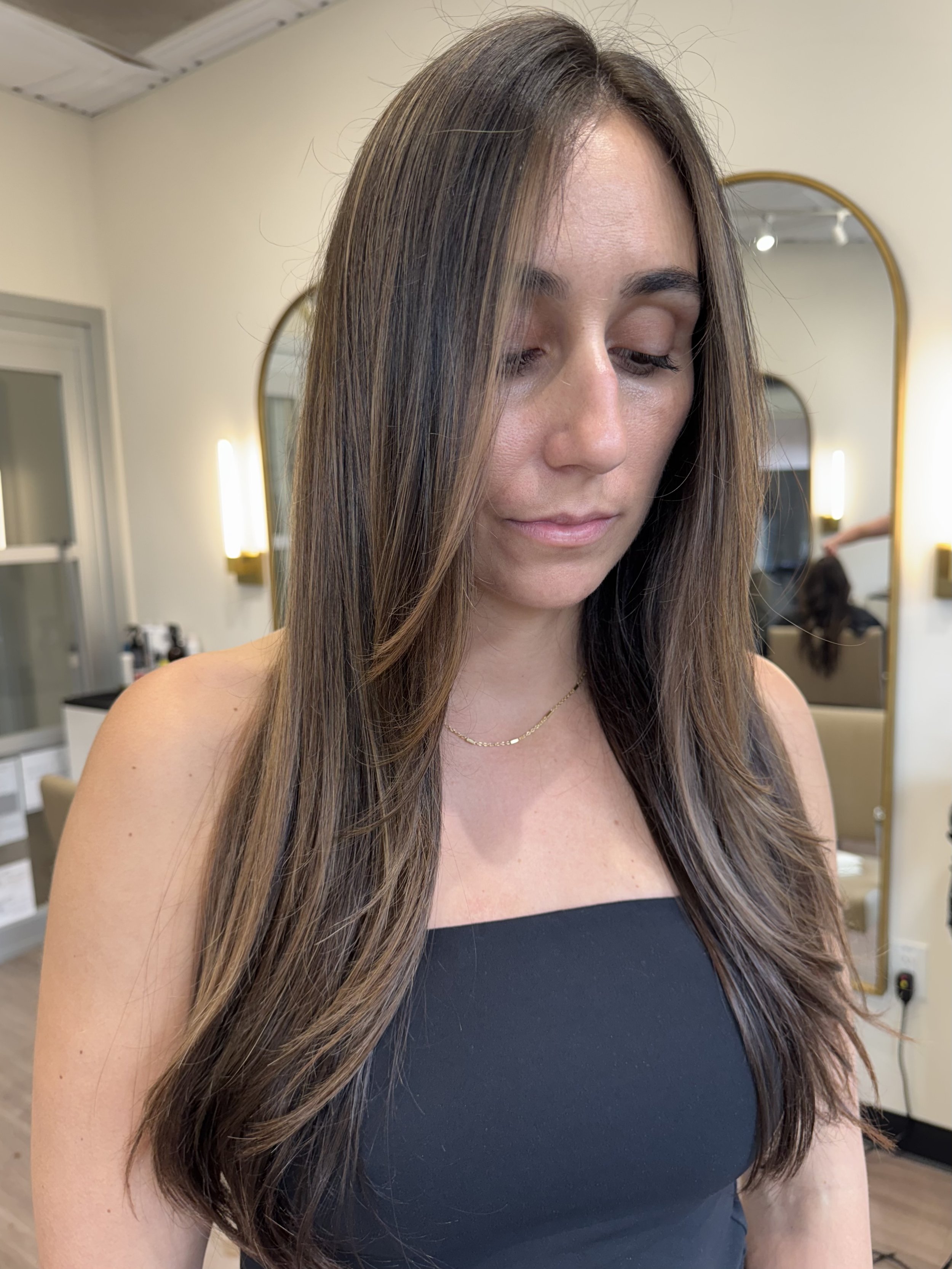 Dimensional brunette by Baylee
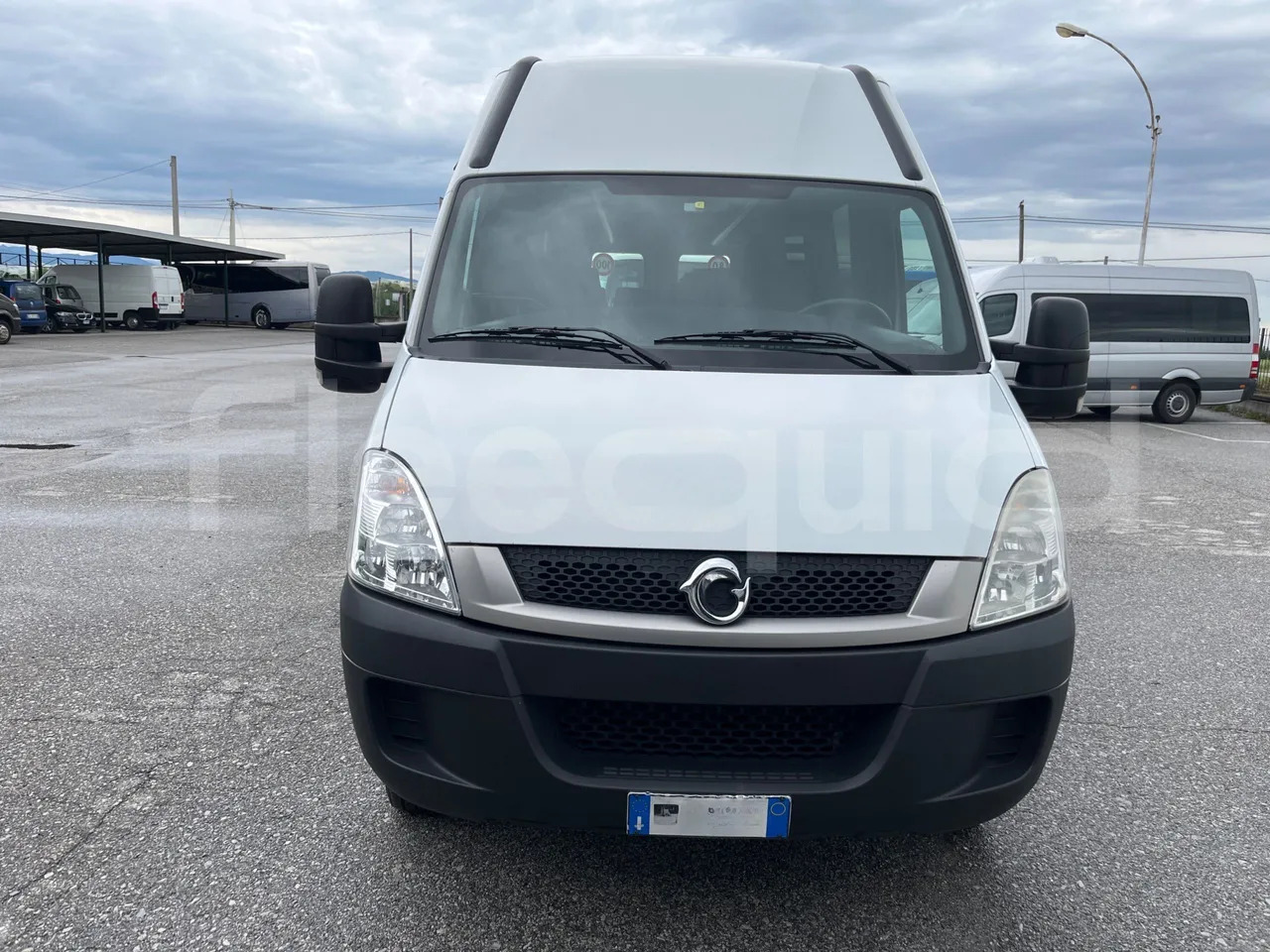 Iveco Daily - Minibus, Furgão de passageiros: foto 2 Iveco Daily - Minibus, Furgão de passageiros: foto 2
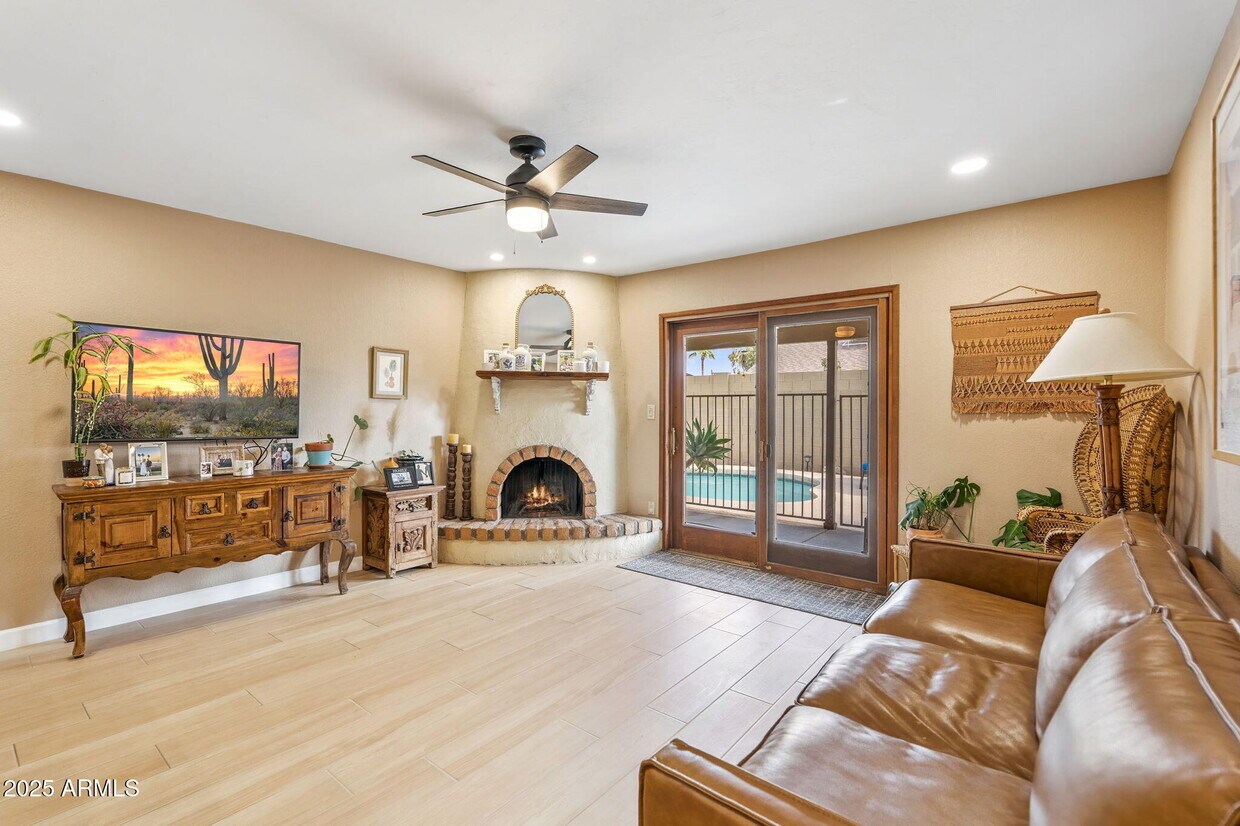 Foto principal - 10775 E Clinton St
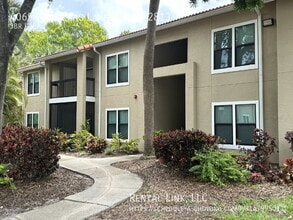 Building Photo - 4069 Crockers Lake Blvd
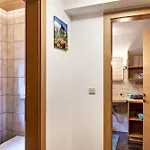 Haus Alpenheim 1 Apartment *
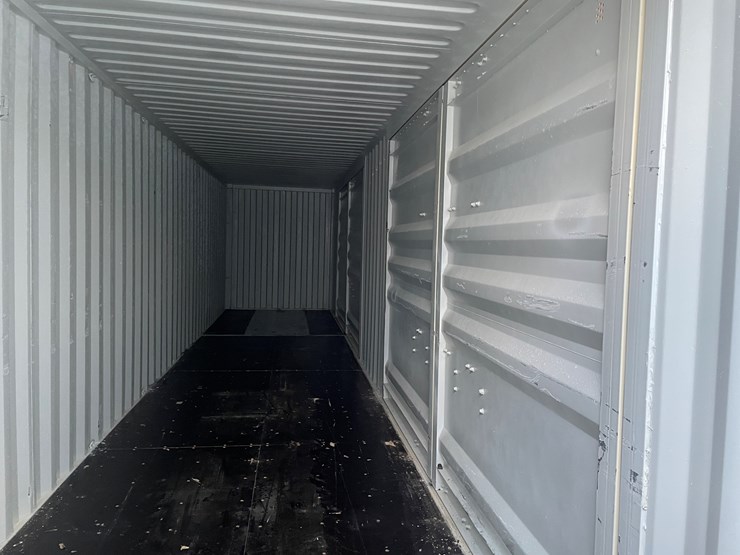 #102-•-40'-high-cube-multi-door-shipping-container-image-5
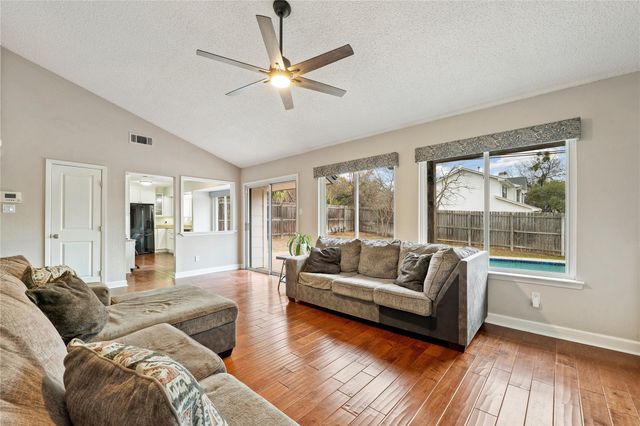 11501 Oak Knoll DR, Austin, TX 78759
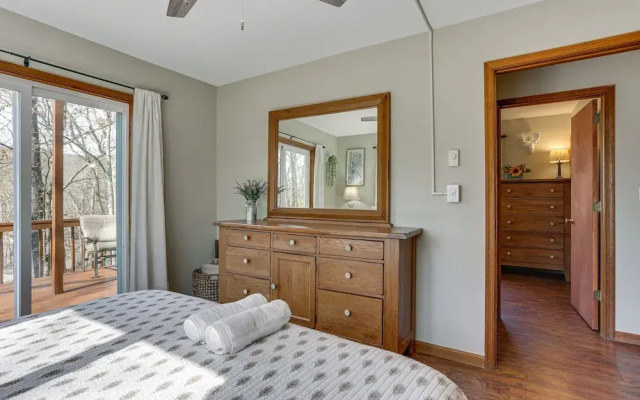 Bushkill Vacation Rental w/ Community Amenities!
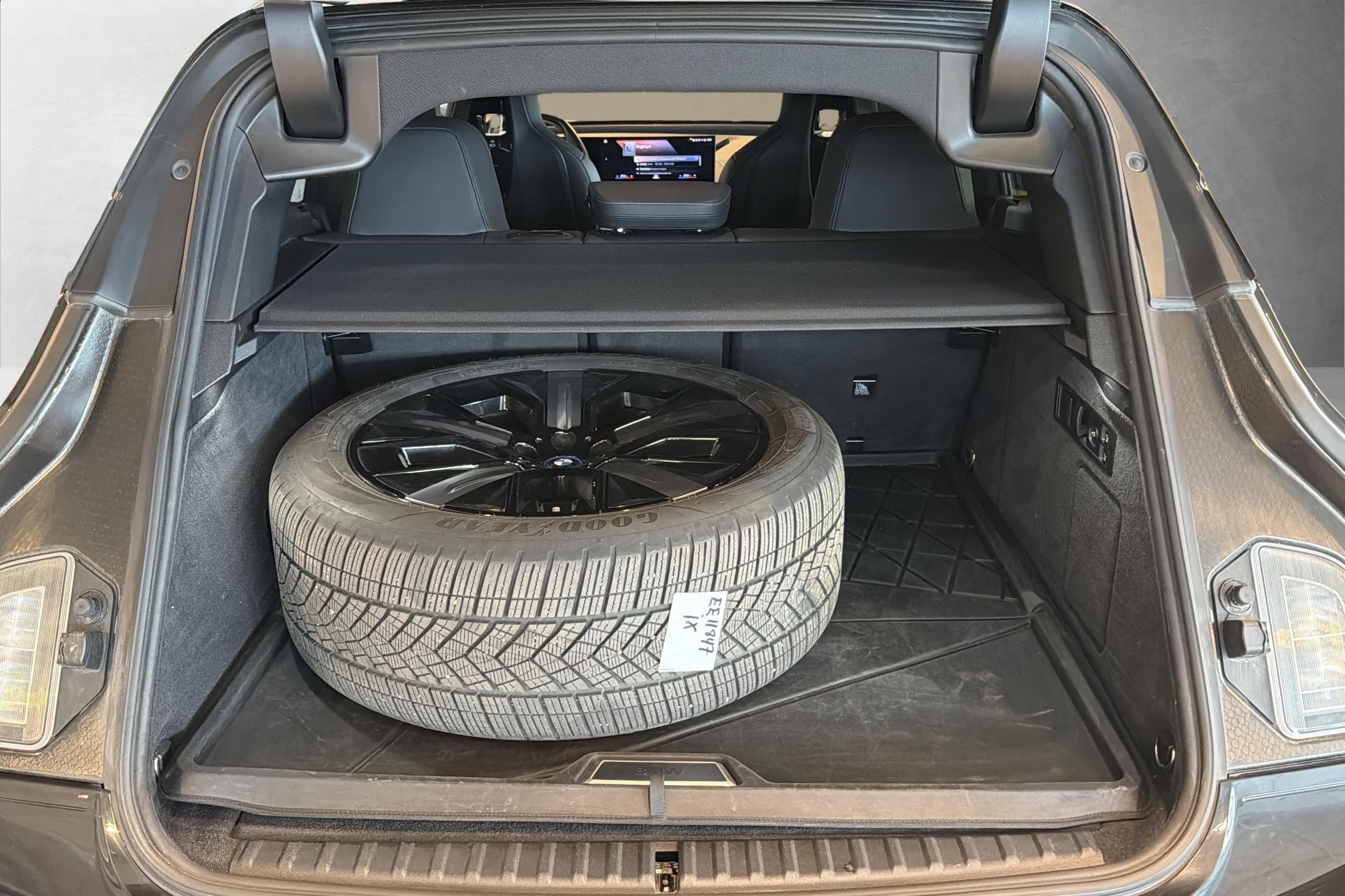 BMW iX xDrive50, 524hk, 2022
# # # # #
Give back every record above word for word; the pictures have no place in it.

| REPLY |
 Dimensional brunette by Baylee
 Iveco Daily - Minibus, Furgão de passageiros: foto 2 Iveco Daily - Minibus, Furgão de passageiros: foto 2
 Foto principal - 10775 E Clinton St
 Building Photo - 4069 Crockers Lake Blvd
 Haus Alpenheim 1 Apartment *
 #102-•-40'-high-cube-multi-door-shipping-container-image-5
 11501 Oak Knoll DR, Austin, TX 78759
 Bushkill Vacation Rental w/ Community Amenities!
 BMW iX xDrive50, 524hk, 2022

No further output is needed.